TEMPO.CO, Jakarta - Ahli hukum dari Pusat Studi Hukum dan Kebijakan Indonesia, Bivitri Susanti, mengatakan pengembalian duit aliran dana korupsi kartu tanda penduduk elektronik (e-KTP) tidak menghilangkan pidana korupsi. Menurut dia, pengembalian duit tersebut tidak menjadi alasan untuk memaafkan atau pembenaran terhadap seseorang yang melakukan pidana.
"Mengembalikan uang tidak menimbulkan konsekuensi hukum. Hukum pidana tetap berlaku kalau seseorang sudah melakukan suatu tindak pidana," ucap Bivitri melalui pesan pendek di Jakarta, Kamis, 9 Maret 2017.
Bivitri menilai pengembalian duit oleh beberapa pihak untuk menjadi salah satu pertimbangan hakim ketika menjatuhkan hukuman. "Ini pun nanti terserah hakim. Yang jelas, tidak ada konsekuensi hukum untuk mereka yang mengembalikan uang," ujar Bivitri.
Sebanyak 14 saksi mengembalikan dana hasil korupsi proyek pengadaan e-KTP tahun 2011-2012 ke Komisi Pemberantasan Korupsi. Total uang yang dikembalikan 14 saksi itu mencapai Rp 30 miliar. Sebagian saksi itu adalah anggota Dewan Perwakilan Rakyat yang menjabat saat peristiwa korupsi berlangsung. KPK tak merinci nama-nama tersebut.
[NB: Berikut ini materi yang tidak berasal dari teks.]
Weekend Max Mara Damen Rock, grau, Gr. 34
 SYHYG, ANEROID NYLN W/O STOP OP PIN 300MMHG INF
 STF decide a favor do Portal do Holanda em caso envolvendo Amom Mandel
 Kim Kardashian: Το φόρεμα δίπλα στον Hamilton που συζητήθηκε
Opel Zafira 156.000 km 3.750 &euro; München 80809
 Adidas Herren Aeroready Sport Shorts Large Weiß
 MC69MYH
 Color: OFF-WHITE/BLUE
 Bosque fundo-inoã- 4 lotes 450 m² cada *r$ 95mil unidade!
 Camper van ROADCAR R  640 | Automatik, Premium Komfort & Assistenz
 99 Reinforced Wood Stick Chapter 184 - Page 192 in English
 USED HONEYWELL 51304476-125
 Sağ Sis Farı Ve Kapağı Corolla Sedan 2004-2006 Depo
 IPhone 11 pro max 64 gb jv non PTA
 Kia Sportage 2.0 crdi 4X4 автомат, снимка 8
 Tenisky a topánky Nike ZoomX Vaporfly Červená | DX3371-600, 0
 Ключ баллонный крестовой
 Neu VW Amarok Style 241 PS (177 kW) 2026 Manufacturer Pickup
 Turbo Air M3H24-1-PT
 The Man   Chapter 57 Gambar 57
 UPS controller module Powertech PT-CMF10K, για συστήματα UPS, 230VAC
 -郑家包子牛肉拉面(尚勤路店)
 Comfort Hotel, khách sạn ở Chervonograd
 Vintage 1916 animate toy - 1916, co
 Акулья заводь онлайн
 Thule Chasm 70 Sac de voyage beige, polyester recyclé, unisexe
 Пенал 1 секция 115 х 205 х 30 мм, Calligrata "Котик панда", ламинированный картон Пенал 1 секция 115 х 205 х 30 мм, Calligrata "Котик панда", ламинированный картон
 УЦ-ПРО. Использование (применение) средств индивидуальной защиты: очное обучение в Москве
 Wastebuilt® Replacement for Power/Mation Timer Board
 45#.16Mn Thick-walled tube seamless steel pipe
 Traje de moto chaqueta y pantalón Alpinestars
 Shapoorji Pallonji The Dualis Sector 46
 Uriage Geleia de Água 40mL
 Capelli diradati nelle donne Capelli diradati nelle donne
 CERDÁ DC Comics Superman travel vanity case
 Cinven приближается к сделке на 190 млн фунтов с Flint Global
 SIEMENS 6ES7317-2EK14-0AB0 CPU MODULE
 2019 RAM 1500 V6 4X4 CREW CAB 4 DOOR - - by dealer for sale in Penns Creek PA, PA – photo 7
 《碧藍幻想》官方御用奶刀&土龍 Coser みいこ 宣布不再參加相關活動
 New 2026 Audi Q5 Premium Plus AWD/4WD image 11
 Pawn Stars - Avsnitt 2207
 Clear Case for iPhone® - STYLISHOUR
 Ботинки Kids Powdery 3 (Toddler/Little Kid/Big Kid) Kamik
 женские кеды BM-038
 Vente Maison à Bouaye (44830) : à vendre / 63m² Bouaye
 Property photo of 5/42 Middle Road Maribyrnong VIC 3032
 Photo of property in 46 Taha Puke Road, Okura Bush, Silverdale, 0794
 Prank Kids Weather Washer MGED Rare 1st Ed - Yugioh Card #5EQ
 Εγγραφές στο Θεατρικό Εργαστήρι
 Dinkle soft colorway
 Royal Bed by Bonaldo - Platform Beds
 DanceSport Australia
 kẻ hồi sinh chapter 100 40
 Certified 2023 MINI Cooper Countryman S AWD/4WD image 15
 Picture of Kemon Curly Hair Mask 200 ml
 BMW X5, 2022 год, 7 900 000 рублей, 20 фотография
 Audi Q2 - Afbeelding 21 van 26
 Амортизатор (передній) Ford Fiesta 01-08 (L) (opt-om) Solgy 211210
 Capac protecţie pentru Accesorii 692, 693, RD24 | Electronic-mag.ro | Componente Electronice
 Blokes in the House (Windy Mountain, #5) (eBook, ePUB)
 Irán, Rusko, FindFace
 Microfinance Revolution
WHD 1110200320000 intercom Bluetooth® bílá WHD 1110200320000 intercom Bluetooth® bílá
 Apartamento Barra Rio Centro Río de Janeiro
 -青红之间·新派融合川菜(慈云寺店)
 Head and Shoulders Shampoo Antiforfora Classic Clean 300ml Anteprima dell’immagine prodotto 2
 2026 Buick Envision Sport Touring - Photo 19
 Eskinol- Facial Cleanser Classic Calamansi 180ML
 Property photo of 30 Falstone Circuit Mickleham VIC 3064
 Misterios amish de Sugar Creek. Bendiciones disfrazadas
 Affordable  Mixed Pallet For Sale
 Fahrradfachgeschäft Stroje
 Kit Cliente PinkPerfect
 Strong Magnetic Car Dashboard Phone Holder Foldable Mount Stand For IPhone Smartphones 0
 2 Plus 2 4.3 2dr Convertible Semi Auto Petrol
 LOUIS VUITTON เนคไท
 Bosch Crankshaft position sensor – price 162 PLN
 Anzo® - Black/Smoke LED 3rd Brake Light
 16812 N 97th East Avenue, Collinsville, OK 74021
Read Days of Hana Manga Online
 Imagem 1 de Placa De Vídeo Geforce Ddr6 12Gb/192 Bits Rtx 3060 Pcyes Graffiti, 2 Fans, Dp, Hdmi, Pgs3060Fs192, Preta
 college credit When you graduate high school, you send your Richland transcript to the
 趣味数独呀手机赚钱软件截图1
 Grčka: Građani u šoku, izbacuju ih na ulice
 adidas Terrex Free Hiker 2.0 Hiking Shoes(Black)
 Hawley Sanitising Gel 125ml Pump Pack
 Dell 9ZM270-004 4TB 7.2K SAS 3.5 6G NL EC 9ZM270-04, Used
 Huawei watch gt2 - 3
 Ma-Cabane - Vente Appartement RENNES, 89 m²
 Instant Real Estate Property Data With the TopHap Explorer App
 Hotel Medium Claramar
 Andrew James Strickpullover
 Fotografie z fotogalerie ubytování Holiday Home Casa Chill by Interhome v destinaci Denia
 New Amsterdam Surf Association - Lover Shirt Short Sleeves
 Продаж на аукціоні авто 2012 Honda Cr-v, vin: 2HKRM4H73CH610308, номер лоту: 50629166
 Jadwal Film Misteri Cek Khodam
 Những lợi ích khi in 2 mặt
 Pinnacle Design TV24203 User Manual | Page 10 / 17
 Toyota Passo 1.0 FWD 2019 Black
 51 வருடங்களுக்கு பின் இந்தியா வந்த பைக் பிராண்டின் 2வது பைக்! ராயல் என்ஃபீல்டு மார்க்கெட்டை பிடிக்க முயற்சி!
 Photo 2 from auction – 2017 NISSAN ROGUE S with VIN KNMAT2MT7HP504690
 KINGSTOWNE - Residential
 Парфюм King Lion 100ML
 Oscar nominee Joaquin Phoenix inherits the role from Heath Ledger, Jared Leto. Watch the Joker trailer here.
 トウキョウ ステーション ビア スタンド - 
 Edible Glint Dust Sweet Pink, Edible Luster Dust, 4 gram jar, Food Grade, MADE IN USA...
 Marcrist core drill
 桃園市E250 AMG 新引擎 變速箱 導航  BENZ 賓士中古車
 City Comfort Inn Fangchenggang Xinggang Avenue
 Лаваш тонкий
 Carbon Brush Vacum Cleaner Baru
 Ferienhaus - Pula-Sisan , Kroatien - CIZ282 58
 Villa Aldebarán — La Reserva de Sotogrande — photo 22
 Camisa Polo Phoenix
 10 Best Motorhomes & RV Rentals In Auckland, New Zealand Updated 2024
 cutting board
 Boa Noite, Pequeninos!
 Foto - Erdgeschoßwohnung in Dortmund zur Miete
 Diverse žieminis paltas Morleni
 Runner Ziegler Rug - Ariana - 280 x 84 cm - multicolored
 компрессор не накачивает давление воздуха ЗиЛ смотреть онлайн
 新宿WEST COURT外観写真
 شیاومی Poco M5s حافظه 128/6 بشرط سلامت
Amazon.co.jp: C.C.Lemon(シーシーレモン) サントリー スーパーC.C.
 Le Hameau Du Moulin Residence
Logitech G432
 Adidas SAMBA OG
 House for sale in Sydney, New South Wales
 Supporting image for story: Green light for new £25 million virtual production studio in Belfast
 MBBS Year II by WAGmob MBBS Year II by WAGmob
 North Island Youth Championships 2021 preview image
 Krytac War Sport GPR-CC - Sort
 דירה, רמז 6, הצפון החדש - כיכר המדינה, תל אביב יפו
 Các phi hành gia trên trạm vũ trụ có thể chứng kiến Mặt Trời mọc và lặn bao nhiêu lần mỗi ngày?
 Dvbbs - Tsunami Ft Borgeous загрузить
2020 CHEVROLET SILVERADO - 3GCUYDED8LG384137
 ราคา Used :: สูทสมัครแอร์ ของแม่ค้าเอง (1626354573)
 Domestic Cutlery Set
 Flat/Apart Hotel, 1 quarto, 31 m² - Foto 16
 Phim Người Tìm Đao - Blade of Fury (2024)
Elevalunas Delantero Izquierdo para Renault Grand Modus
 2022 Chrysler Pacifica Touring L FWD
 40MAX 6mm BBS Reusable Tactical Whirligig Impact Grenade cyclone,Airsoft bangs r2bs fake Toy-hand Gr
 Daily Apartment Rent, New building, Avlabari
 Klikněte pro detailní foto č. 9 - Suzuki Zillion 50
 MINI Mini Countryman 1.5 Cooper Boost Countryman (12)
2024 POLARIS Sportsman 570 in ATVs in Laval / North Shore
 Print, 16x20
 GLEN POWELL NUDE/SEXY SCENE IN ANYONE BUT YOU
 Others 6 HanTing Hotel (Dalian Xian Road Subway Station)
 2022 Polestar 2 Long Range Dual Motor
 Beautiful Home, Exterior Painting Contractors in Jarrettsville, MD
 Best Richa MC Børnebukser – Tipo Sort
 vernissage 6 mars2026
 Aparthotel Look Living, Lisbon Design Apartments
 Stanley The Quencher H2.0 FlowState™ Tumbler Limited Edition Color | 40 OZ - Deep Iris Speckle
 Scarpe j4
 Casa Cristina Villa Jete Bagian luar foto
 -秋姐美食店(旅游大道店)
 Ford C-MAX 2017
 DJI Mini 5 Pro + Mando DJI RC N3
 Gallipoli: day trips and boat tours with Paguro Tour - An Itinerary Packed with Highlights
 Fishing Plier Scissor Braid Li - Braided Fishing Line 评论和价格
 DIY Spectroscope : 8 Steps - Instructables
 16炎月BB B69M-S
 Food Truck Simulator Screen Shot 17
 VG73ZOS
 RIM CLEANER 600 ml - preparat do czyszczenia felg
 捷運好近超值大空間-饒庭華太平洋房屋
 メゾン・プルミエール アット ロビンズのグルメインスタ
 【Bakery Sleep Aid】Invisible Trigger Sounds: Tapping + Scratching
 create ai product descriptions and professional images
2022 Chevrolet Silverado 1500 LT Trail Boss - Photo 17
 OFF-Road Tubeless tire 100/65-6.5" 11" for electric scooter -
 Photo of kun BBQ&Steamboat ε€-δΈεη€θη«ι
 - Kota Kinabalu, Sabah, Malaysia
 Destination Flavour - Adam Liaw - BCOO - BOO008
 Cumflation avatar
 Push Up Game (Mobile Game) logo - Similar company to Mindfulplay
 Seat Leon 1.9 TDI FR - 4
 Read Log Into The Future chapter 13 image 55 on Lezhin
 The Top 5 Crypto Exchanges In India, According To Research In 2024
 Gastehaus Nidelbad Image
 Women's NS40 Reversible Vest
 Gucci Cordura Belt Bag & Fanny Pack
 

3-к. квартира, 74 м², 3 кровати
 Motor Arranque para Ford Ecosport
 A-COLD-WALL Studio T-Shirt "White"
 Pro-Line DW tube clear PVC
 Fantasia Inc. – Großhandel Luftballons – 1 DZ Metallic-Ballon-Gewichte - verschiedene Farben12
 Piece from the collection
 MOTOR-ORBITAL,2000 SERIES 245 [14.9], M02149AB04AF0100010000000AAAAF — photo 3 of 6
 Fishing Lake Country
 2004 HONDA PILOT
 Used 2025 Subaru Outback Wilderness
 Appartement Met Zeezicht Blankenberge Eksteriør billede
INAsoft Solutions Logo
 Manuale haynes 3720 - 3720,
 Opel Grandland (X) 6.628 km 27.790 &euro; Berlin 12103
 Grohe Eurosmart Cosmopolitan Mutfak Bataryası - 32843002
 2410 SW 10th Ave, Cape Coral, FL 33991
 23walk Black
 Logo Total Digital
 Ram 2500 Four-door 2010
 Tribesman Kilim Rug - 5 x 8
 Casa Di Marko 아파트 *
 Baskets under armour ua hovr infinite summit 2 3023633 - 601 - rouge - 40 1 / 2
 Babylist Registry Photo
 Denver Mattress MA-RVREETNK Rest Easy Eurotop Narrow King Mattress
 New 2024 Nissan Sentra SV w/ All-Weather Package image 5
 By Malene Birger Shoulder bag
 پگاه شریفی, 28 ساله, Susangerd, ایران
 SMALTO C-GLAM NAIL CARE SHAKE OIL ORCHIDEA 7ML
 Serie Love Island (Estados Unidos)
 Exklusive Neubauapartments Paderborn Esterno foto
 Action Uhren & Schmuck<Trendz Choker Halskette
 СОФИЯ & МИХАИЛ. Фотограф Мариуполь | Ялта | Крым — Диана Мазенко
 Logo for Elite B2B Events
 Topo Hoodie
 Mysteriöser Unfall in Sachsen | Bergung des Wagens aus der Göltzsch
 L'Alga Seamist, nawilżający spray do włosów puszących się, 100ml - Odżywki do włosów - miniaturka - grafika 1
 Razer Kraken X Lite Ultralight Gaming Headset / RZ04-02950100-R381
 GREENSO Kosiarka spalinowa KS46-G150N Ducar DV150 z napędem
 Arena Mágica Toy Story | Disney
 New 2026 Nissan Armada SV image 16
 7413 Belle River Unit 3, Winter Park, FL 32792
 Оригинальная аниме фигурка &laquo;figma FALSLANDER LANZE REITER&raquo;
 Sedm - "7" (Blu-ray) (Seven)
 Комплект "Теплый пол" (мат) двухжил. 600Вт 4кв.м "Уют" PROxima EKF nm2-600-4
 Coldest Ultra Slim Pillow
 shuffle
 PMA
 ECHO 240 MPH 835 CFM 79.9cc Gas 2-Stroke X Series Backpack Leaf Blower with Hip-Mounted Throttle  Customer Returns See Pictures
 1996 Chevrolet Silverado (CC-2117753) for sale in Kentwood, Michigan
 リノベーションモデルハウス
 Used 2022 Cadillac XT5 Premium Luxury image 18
KPK juga menerima pengembalian uang dari lima perusahaan dan satu konsorsium. Jumlah uang yang dikumpulkan dari korporasi ini mencapai Rp 220 miliar. Semua uang itu diserahkan ke KPK melalui transfer ke rekening khusus penyitaan.
Ahli hukum pidana Universitas Trisakti, Yenti Garnasih, menuturkan pengembalian uang tidak menghilangkan unsur pidana korupsi mereka. "Apalagi sudah mengembalikan setelah sekian lama pula. Artinya, mereka sudah terlibat korupsi," kata Yenti.
Ia menyarankan KPK tetap memproses pihak-pihak yang mengembalikan duit tersebut. Sebab, ini bisa jadi peluang koruptor mengembalikan hasil korupsinya ketika tindakannya terendus KPK. "Meski sudah mengembalikan barang yang dicuri, yang bersangkutan tetap proses. Nanti orang akan ramai-ramai korupsi kalau ketahuan bisa mengembalikan tanpa proses," ucap Yenti.